**EXERCISE INSTRUCTIONS**
Give every line below again, exactly.

(Records from a dataset)

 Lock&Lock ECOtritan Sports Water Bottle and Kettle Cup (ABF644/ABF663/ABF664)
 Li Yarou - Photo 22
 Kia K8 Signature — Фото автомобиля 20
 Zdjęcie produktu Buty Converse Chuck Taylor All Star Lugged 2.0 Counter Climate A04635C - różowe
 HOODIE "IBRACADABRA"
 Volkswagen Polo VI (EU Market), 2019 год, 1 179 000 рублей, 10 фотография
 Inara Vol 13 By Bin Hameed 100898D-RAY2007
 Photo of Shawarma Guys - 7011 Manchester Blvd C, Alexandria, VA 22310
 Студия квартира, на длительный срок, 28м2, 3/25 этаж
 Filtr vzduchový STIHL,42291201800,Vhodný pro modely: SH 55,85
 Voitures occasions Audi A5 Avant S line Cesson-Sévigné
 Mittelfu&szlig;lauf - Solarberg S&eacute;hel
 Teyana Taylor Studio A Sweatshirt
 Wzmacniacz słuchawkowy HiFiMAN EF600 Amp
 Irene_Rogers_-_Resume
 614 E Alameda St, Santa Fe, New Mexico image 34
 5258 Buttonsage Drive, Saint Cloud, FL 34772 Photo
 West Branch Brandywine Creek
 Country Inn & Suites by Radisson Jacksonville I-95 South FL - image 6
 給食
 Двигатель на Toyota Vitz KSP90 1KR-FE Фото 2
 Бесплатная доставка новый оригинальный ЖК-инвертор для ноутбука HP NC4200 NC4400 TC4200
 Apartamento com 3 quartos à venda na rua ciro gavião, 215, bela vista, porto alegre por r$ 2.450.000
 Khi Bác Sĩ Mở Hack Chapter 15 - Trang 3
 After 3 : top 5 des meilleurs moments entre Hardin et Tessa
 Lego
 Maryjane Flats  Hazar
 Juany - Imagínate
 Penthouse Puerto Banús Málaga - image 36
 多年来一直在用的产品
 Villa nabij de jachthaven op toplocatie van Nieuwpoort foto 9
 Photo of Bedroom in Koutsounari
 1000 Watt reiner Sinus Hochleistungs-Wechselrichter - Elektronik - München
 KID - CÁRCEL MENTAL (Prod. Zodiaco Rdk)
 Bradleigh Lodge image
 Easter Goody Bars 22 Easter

**THE COMPLETED TASK**
 Lock&Lock ECOtritan Sports Water Bottle and Kettle Cup (ABF644/ABF663/ABF664)
 Li Yarou - Photo 22
 Kia K8 Signature — Фото автомобиля 20
 Zdjęcie produktu Buty Converse Chuck Taylor All Star Lugged 2.0 Counter Climate A04635C - różowe
 HOODIE "IBRACADABRA"
 Volkswagen Polo VI (EU Market), 2019 год, 1 179 000 рублей, 10 фотография
 Inara Vol 13 By Bin Hameed 100898D-RAY2007
 Photo of Shawarma Guys - 7011 Manchester Blvd C, Alexandria, VA 22310
 Студия квартира, на длительный срок, 28м2, 3/25 этаж
 Filtr vzduchový STIHL,42291201800,Vhodný pro modely: SH 55,85
 Voitures occasions Audi A5 Avant S line Cesson-Sévigné
 Mittelfu&szlig;lauf - Solarberg S&eacute;hel
 Teyana Taylor Studio A Sweatshirt
 Wzmacniacz słuchawkowy HiFiMAN EF600 Amp
 Irene_Rogers_-_Resume
 614 E Alameda St, Santa Fe, New Mexico image 34
 5258 Buttonsage Drive, Saint Cloud, FL 34772 Photo
 West Branch Brandywine Creek
 Country Inn & Suites by Radisson Jacksonville I-95 South FL - image 6
 給食
 Двигатель на Toyota Vitz KSP90 1KR-FE Фото 2
 Бесплатная доставка новый оригинальный ЖК-инвертор для ноутбука HP NC4200 NC4400 TC4200
 Apartamento com 3 quartos à venda na rua ciro gavião, 215, bela vista, porto alegre por r$ 2.450.000
 Khi Bác Sĩ Mở Hack Chapter 15 - Trang 3
 After 3 : top 5 des meilleurs moments entre Hardin et Tessa
 Lego
 Maryjane Flats  Hazar
 Juany - Imagínate
 Penthouse Puerto Banús Málaga - image 36
 多年来一直在用的产品
 Villa nabij de jachthaven op toplocatie van Nieuwpoort foto 9
 Photo of Bedroom in Koutsounari
 1000 Watt reiner Sinus Hochleistungs-Wechselrichter - Elektronik - München
 KID - CÁRCEL MENTAL (Prod. Zodiaco Rdk)
 Bradleigh Lodge image
 Easter Goody Bars 22 Easter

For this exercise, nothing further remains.